Did the missionaries give us any names for our signs? There’s Mission Street, of course, and many other uses of the name Mission. The names of the missionaries themselves have been oddly neglected here. When I was a kid, every fourth-grader learned about the saintly Father Serra (his reputation was tarnished somewhat by later studies). Serra never made it to Santa Cruz, however, so there’s no big statue like the one on Hwy 280. Lasuén, the successor, founded as many missions as Serra, but is not as well known. Still, other mission towns have streets and schools named for him, but not Santa Cruz. The Santa Barbara and Carmel missions have prominently-displayed statues of their founder, but when I finally discovered that Santa Cruz also has a statue, it was hidden in the enclosed garden behind the mission museum. As I approached, I could see that it’s the same bronze statue as the one at Santa Barbara. Makes sense, I thought - both missions were founded by Lasuén, so save a little money by using the same casting. But wait – the name plate on our statue says it’s Junípero Serra, “founder of the California missions”!

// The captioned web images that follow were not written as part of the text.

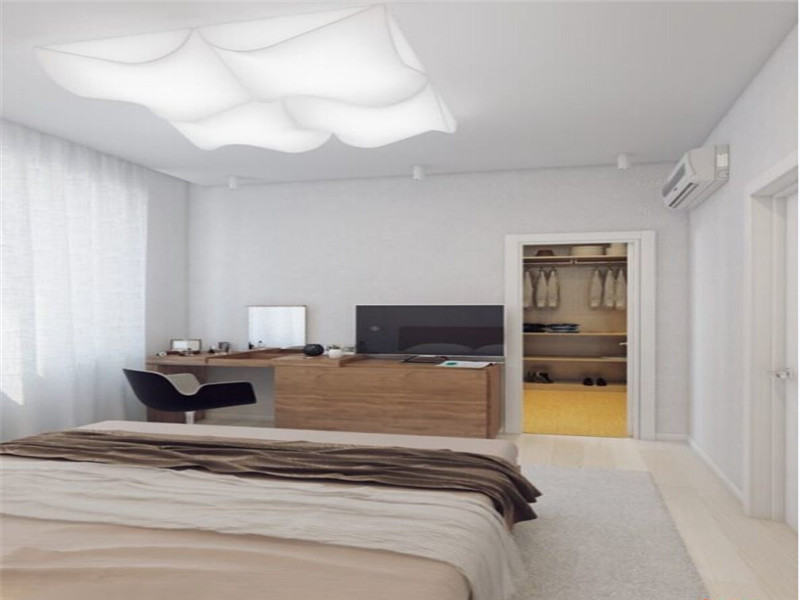 现代 简约风格 白色 卧室图片来自北京精诚兴业装饰公司在白色简约公寓的分享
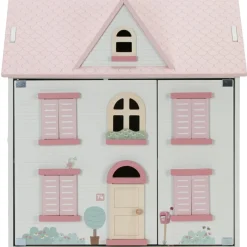 Maison de poupée moyenne en bois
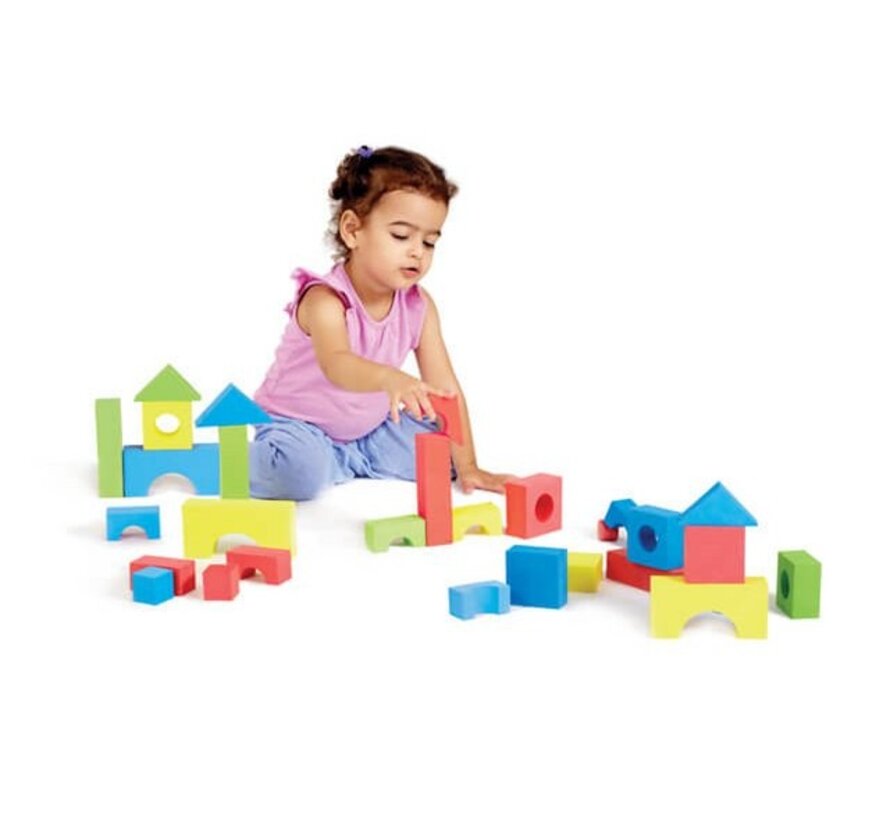 Edushape EduKleur Blokken - 80 stuks (in tas)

Lasuén’s successors at Mission Santa Cruz are even more thoroughly forgotten. One of them, Andres Quintana, achieved some notoriety in 1812 by becoming the first California missionary to be murdered by neophytes, and the subject of the first autopsy performed in California. Allegedly, Quintana was killed because he used torture to discipline the native laborers. That’s not a good way to get a statue in the park, but we do have a two-block-long Quintana Street in the flats below the bluff, in the area of the original mission. It runs next to the railroad tracks, well hidden off of River Street.

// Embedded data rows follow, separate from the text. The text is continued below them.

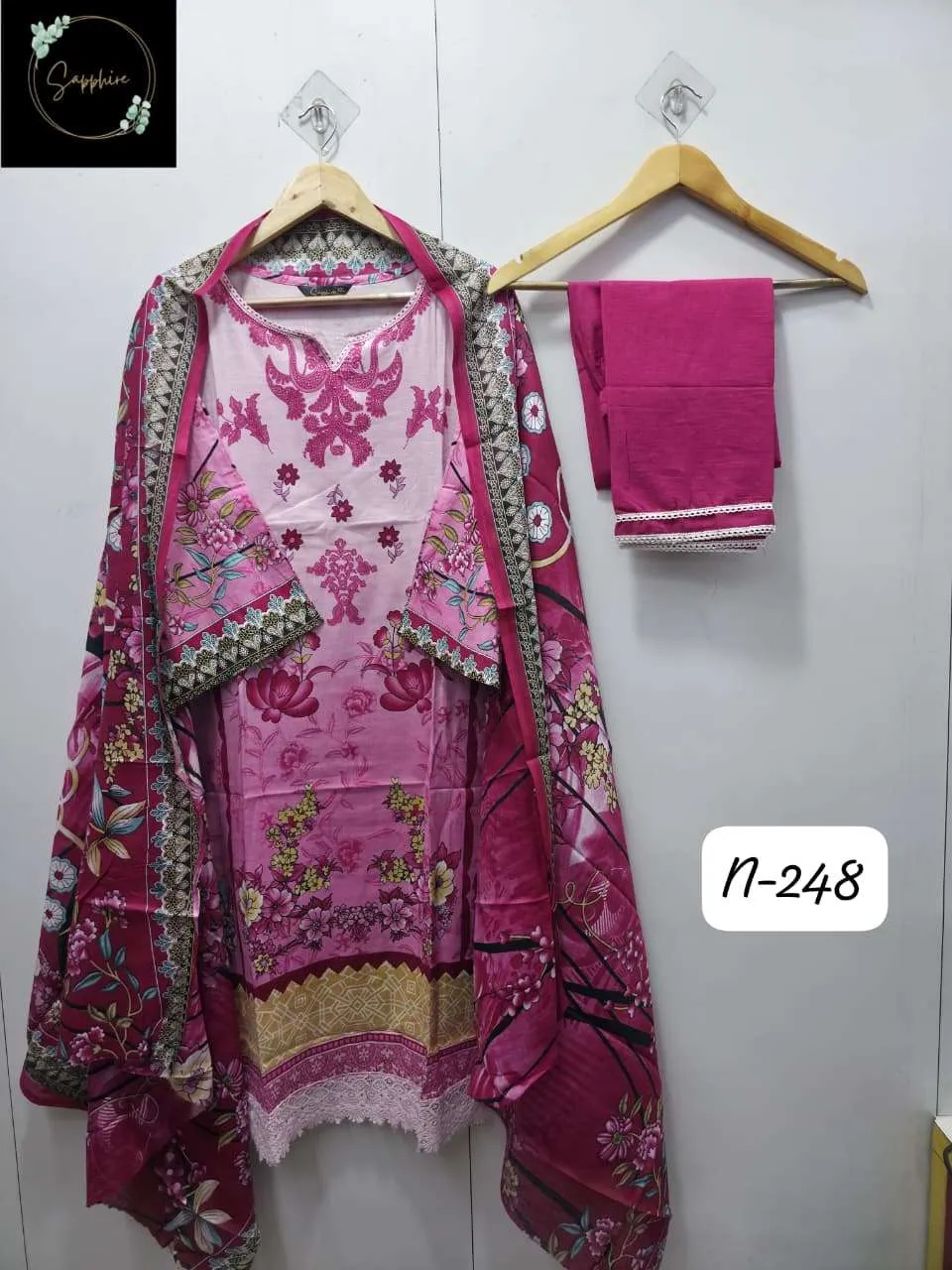 Rama Export Agha Noorain N 248 Pure Lawn Wholesale Pakistani Readymade Suit Collection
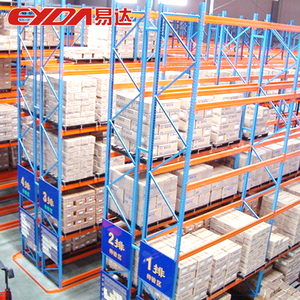 Estante de palés de alta densidad, sistema de almacenamiento de almacén, accionamiento resistente en estanterías de palés selectivas, bastidores de palés profundos dobles - Product Image 3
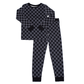 Black & Gray Checkered Two-Piece Pajama Set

Another possible reason for the neglect of the Santa Cruz missionaries was the perceived failure of the mission, relative to others around the state. Some of the missions managed to hold on to quite a bit of their land after secularization, and again when California statehood nullified many of the Mexican land grants after 1850. The Santa Cruz parish only retained a slice of hill north of High Street, the bluff and the flats below. Another of the reasons for the mission’s failure was the arrival of a new group of Spaniards in Santa Cruz. They formed another unique part of our history - the pueblo named Branciforte.
Sources:
* Torchiana, H. A. C. (1933). Story of the mission Santa Cruz. San Francisco, Calif: P. Elder and Co.